Reproduce the whole listing exactly, omitting any picture it holds.

##### Dataset section

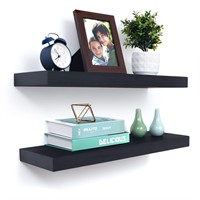 Black Floating Shelves, 8 Inch Deep Shelves for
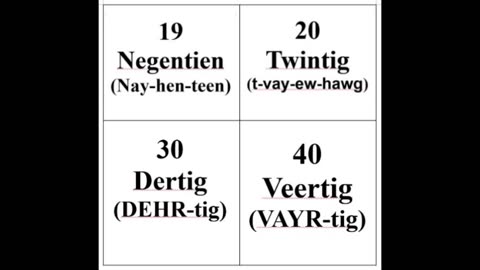 Dutch Numbers zero 20 and by tens to 90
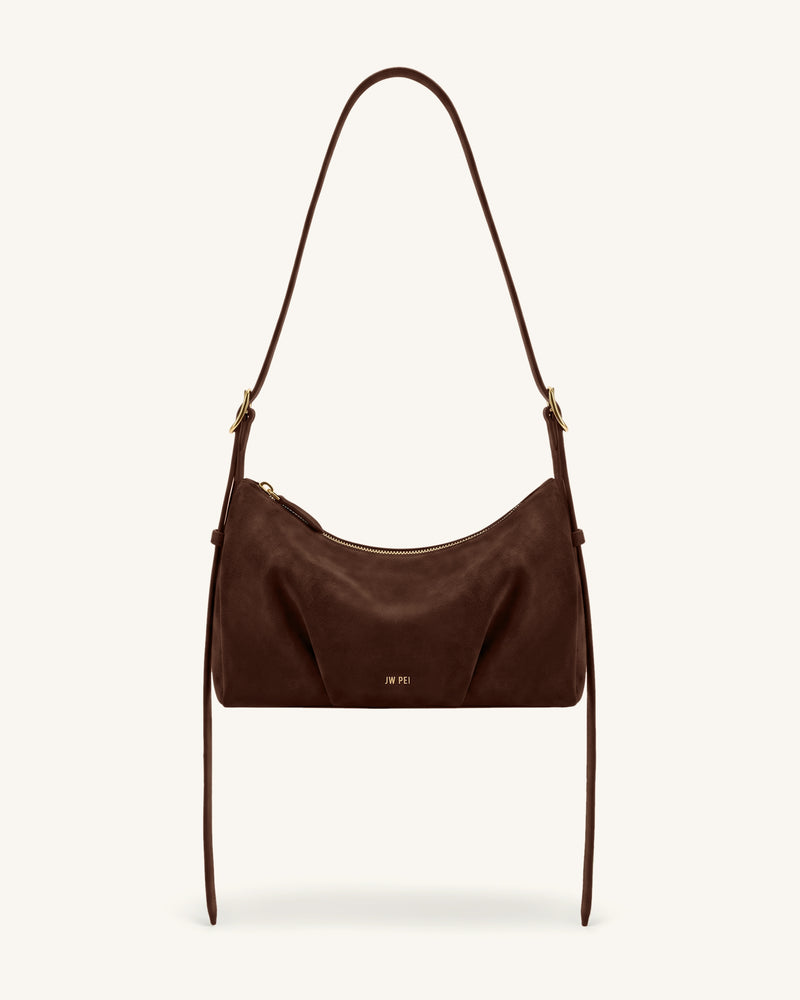 Loriette Faux Suede Crossbody Bag - Mocha Brown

##########

### Response to the task
 Black Floating Shelves, 8 Inch Deep Shelves for
 Dutch Numbers zero 20 and by tens to 90
 Loriette Faux Suede Crossbody Bag - Mocha Brown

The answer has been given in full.